Suppose we have the following dataset that shows the square feet and price of 12 different houses:
We want to know if there is a significant relationship between square feet and price.
To get an idea of what the data looks like, we first create a scatterplot with square feet on the x-axis and price on the y-axis:
We can clearly see that there is a positive correlation between square feet and price. As square feet increases, the price of the house tends to increase as well.
However, to know if there is a statistically significant relationship between square feet and price, we need to run a simple linear regression.
So, we run a simple linear regression using square feet as the predictor and price as the response and get the following output:
Whether you run a simple linear regression in Excel, SPSS, R, or some other software, you will get a similar output to the one shown above.
Recall that a simple linear regression will produce the line of best fit, which is the equation for the line that best “fits” the data on our scatterplot. This line of best fit is defined as:
ŷ = b0 + b1x
where ŷ is the predicted value of the response variable, b0 is the y-intercept, b1 is the regression coefficient, and x is the value of the predictor variable.
The value for b0 is given by the coefficient for the intercept, which is 47588.70.
The value for b1 is given by the coefficient for the predictor variable Square Feet, which is 93.57.
Thus, the line of best fit in this example is ŷ = 47588.70+ 93.57x
Here is how to interpret this line of best fit:
- b0: When the value for square feet is zero, the average expected value for price is $47,588.70. (In this case, it doesn’t really make sense to interpret the intercept, since a house can never have zero square feet)
- b1: For each additional square foot, the average expected increase in price is $93.57.
So, now we know that for each additional square foot, the average expected increase in price is $93.57.
To find out if this increase is statistically significant, we need to conduct a hypothesis test for B1 or construct a confidence interval for B1.
Note: A hypothesis test and a confidence interval will always give the same results.
Constructing a Confidence Interval for a Regression Slope
To construct a confidence interval for a regression slope, we use the following formula:
Confidence Interval = b1 +/- (t1-∝/2, n-2) * (standard error of b1)
- b1 is the slope coefficient given in the regression output
- (t1-∝/2, n-2) is the t critical value for confidence level 1-∝ with n-2 degrees of freedom where n is the total number of observations in our dataset
- (standard error of b1) is the standard error of b1 given in the regression output
For our example, here is how to construct a 95% confidence interval for B1:
- b1 is 93.57 from the regression output.
- Since we are using a 95% confidence interval, ∝ = .05 and n-2 = 12-2 = 10, thus t.975, 10 is 2.228 according to the t-distribution table
- (standard error of b1) is 11.45 from the regression output
Thus, our 95% confidence interval for B1 is:
93.57 +/- (2.228) * (11.45) = (68.06 , 119.08)
This means we are 95% confident that the true average increase in price for each additional square foot is between $68.06 and $119.08.
Notice that $0 is not in this interval, so the relationship between square feet and price is statistically significant at the 95% confidence level.
Conducting a Hypothesis Test for a Regression Slope
To conduct a hypothesis test for a regression slope, we follow the standard five steps for any hypothesis test:
Step 1. State the hypotheses.
The null hypothesis (H0): B1 = 0
The alternative hypothesis: (Ha): B1 ≠ 0
Step 2. Determine a significance level to use.
Since we constructed a 95% confidence interval in the previous example, we will use the equivalent approach here and choose to use a .05 level of significance.
Step 3. Find the test statistic and the corresponding p-value.
In this case, the test statistic is t = coefficient of b1 / standard error of b1 with n-2 degrees of freedom.

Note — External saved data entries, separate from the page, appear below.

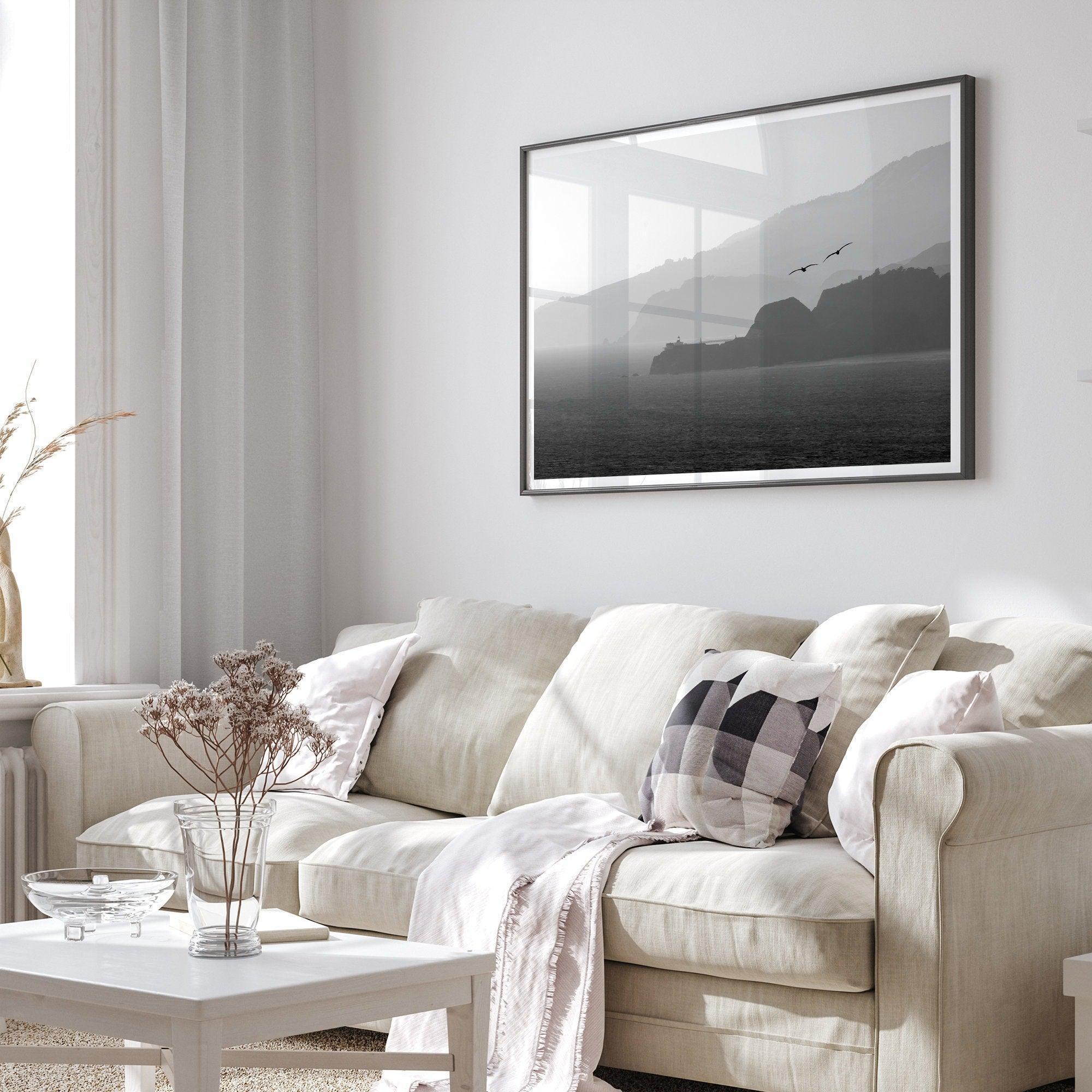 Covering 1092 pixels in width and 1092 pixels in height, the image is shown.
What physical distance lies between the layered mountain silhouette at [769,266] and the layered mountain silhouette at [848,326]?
0.02m

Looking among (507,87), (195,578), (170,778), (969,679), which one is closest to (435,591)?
(195,578)

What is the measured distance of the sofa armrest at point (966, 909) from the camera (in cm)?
238

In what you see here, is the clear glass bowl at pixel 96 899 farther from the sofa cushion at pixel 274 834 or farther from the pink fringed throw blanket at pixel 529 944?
the sofa cushion at pixel 274 834

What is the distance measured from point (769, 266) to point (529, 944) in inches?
72.9

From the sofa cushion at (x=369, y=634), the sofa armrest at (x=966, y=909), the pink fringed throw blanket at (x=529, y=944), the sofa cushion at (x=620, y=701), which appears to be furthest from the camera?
the sofa cushion at (x=369, y=634)

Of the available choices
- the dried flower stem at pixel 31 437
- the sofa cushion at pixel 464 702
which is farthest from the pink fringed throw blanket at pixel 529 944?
the dried flower stem at pixel 31 437

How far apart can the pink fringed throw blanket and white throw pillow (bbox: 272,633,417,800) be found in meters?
0.81

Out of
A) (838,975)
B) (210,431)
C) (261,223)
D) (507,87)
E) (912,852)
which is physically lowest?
(838,975)

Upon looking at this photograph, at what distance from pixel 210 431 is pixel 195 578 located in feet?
1.36

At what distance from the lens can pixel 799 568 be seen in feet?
12.3

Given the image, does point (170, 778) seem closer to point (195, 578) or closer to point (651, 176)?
point (195, 578)

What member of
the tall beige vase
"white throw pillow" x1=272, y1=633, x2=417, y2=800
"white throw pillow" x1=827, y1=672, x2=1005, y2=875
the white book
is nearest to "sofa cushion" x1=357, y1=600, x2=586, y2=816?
"white throw pillow" x1=272, y1=633, x2=417, y2=800

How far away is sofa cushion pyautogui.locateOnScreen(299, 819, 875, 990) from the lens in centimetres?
244

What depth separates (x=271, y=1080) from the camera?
2934mm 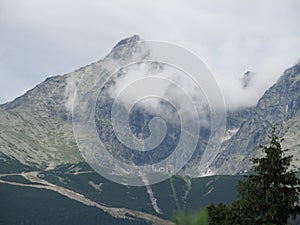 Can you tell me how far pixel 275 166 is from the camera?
→ 30734mm

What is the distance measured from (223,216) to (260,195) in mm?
55353

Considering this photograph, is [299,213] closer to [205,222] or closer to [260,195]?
[260,195]

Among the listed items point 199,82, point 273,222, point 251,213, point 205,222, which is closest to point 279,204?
point 273,222

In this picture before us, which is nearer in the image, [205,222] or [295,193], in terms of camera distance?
[205,222]

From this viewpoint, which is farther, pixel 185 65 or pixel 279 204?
pixel 185 65

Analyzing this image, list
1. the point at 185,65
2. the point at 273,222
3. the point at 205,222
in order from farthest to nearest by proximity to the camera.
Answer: the point at 185,65
the point at 273,222
the point at 205,222

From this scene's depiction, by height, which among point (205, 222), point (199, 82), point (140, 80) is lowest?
point (205, 222)

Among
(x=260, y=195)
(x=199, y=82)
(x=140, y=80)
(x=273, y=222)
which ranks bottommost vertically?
(x=273, y=222)

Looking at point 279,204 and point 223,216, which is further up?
point 223,216

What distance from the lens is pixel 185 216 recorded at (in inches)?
638

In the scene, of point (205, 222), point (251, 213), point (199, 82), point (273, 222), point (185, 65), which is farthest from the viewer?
point (185, 65)

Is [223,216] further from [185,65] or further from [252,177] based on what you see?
[252,177]

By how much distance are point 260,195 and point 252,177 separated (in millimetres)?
1507

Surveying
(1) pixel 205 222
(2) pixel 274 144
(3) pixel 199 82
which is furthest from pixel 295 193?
(3) pixel 199 82
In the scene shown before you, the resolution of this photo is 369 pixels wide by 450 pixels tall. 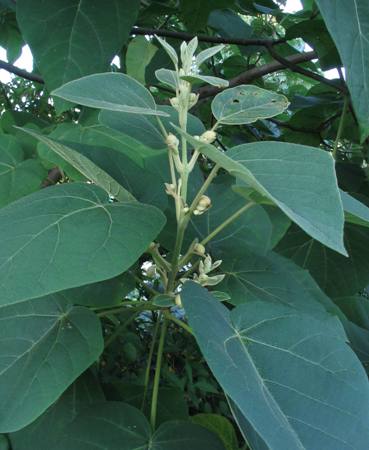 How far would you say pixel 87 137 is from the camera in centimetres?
82

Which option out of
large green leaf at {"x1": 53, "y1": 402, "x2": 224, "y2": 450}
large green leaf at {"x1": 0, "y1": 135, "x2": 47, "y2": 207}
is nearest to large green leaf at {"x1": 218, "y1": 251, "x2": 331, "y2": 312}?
large green leaf at {"x1": 53, "y1": 402, "x2": 224, "y2": 450}

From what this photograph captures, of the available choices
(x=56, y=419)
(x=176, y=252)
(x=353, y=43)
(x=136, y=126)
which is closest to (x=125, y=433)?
(x=56, y=419)

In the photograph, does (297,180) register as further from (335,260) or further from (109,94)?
(335,260)

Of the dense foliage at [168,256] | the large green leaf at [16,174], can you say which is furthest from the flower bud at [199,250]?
the large green leaf at [16,174]

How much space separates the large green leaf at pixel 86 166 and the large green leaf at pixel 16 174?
217mm

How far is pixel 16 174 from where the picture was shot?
30.6 inches

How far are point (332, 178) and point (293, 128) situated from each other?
104 centimetres

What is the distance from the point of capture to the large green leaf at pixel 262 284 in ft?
2.11

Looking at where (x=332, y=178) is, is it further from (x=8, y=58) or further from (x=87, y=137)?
(x=8, y=58)

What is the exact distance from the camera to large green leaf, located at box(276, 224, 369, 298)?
1.07 metres

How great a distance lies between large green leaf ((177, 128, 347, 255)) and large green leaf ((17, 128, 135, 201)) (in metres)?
0.12

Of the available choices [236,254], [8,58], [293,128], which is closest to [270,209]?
[236,254]

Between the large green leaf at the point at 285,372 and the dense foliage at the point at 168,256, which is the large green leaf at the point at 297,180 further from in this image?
the large green leaf at the point at 285,372

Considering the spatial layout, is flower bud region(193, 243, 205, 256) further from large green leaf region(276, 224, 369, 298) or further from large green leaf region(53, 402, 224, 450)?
large green leaf region(276, 224, 369, 298) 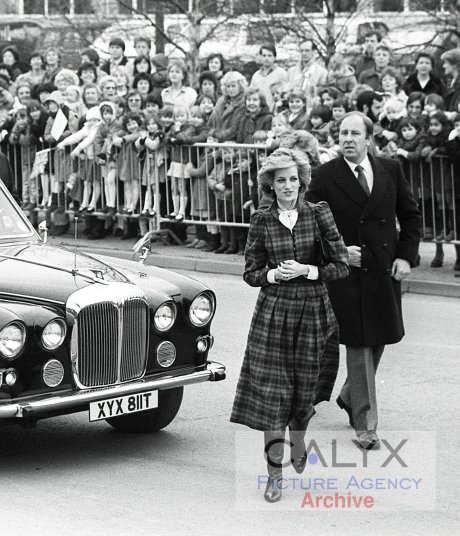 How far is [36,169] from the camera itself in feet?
59.8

We can find these values from the regression output:
Using the T Score to P Value Calculator with a t score of 6.69 with 10 degrees of freedom and a two-tailed test, the p-value = 0.000.
Step 4. Reject or fail to reject the null hypothesis.
Since the p-value is less than our significance level of .05, we reject the null hypothesis.
Step 5. Interpret the results.
Since we rejected the null hypothesis, we have sufficient evidence to say that the true average increase in price for each additional square foot is not zero.